# C/C++ and bitmaps



## kr651129 (Aug 28, 2012)

I've been trying to find a good tutorial that explains from newbie level on how to work with bitmaps.  I'm trying to write a malloc() and I *think* this is the best way to go?


----------



## fluca1978 (Aug 30, 2012)

It is not really clear to what you are referring, I suspect not the bmp file format! What is the problem you are trying to solve?


----------



## xibo (Aug 30, 2012)

kr651129 probably wants to use bit sequences to indicate page usage. I.e. use 1 Byte to indicate whether and which of 8 consequent pages are currently allocated.

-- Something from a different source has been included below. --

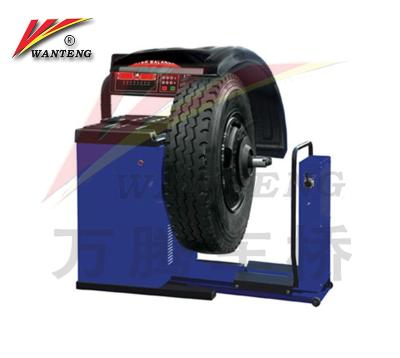 China Electronic Truck/Bus/Tractor/Industry Vehicle China Car Wheel Balancer Machine for sale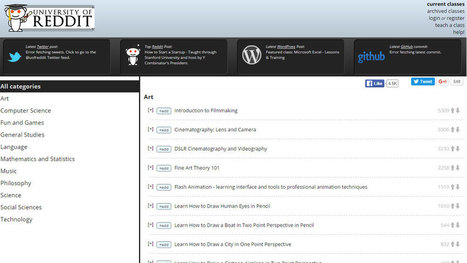 Top 9 Tools For A Free Online Education | Best | Scoop.it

I would recommend using memory segments in interval trees though.

The way "malloc" (or rather memory management as a whole) works in FreeBSD is explained in The Implementation of the FreeBSD Operating System by McKusick and Neville-Neil. I don't know any explicit guide to bitmaps, but thinking about it (and having knowledge about algorithms) will likely help.

EDIT:
C++ offers the std::vector<bool> data structure which is a bitmap.


----------



## expl (Aug 31, 2012)

kr651129 said:
			
		

> I've been trying to find a good tutorial that explains from newbie level on how to work with bitmaps.  I'm trying to write a malloc() and I *think* this is the best way to go?



Bitmap is just a simple array with some helper functions, ideally array of units with size of machine's WORD to avoid memory fragmentation. Since computers can not read/write single bit values directly you need to create some helper functions to act as 'getter' and 'setter' in your bitmap by loading each array unit and processing single bit values using bitwise operators. Instead of looking for bitmap tutorials just look up bitwise operators' tutorial to get a better understanding.


----------



## tommyjung (Sep 2, 2012)

Well on GIMP, if you save an image as C/C++ header file format, it will show how image file can be (though it doesn't look pretty) represented in struct.


----------